▸ PROVIDED MATERIAL
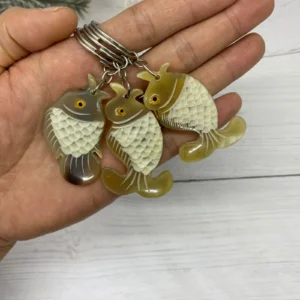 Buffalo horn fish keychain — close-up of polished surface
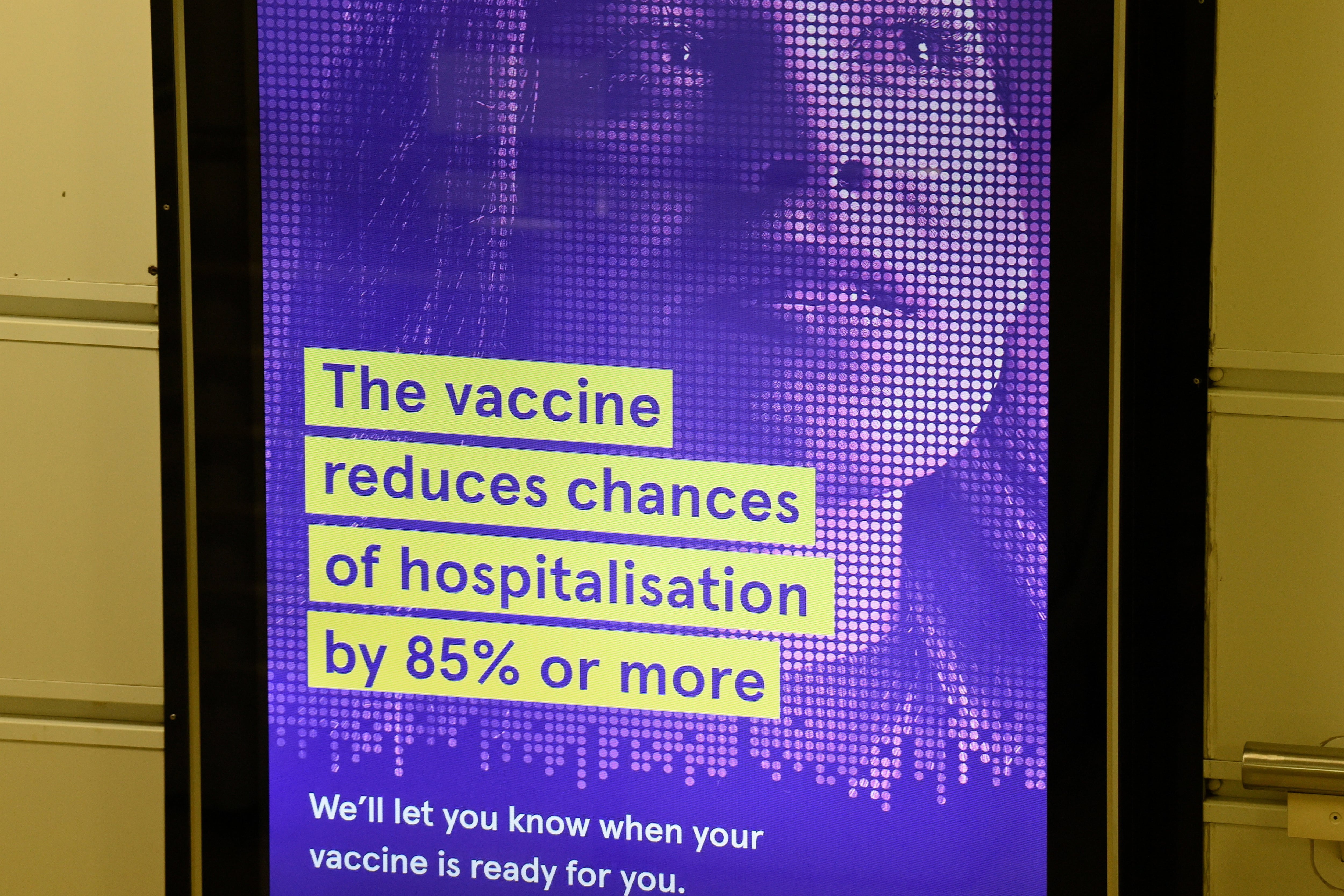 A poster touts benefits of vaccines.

---

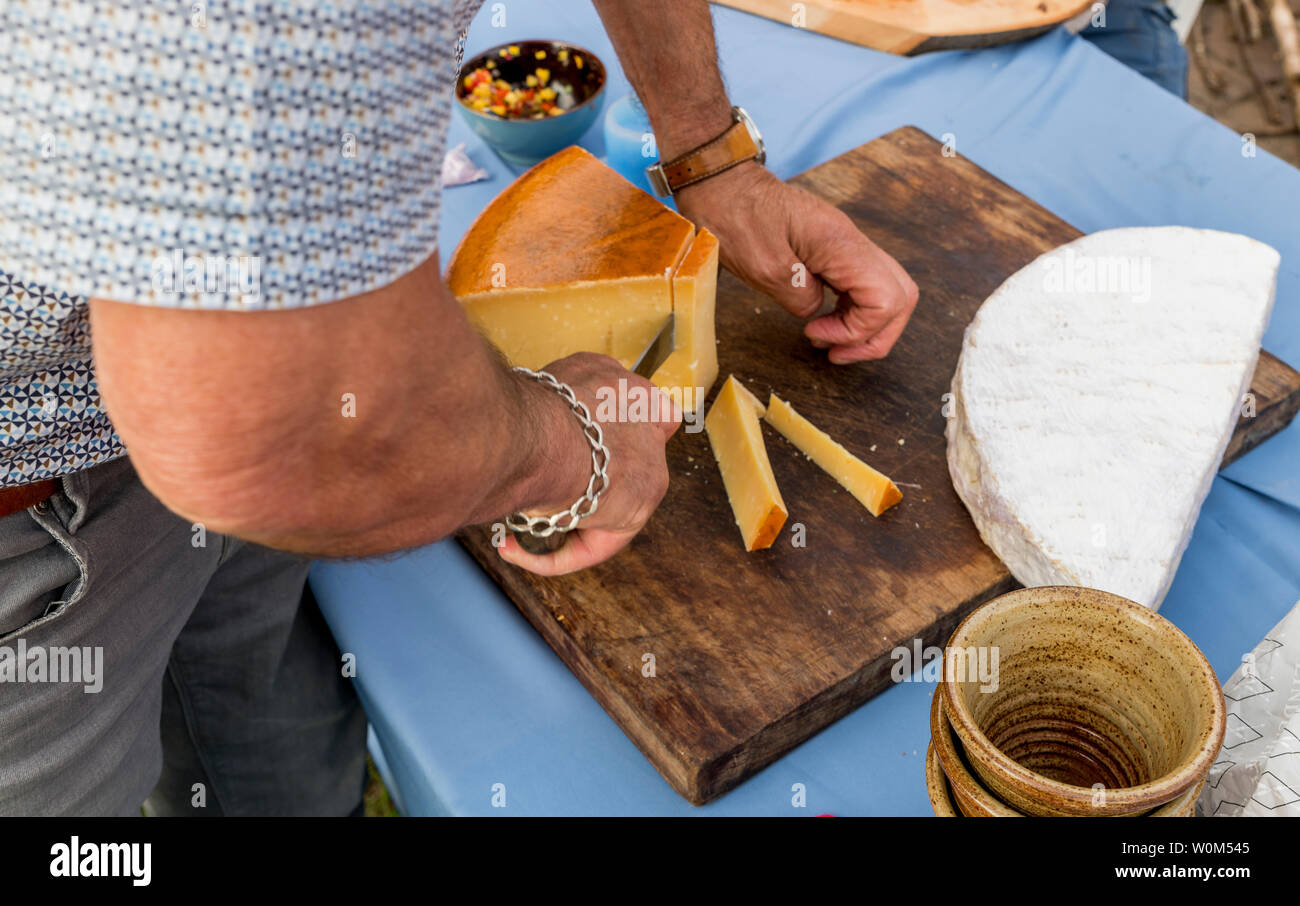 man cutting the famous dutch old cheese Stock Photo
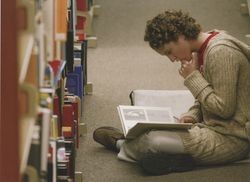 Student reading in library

▸ WORK INSTRUCTION
Pictures excluded, give again exactly and only the lines of the material above from the line with "Buffalo horn fish" through the line with "A poster touts benefits of vaccines.".

▸ ANSWER SPACE
 Buffalo horn fish keychain — close-up of polished surface
 A poster touts benefits of vaccines.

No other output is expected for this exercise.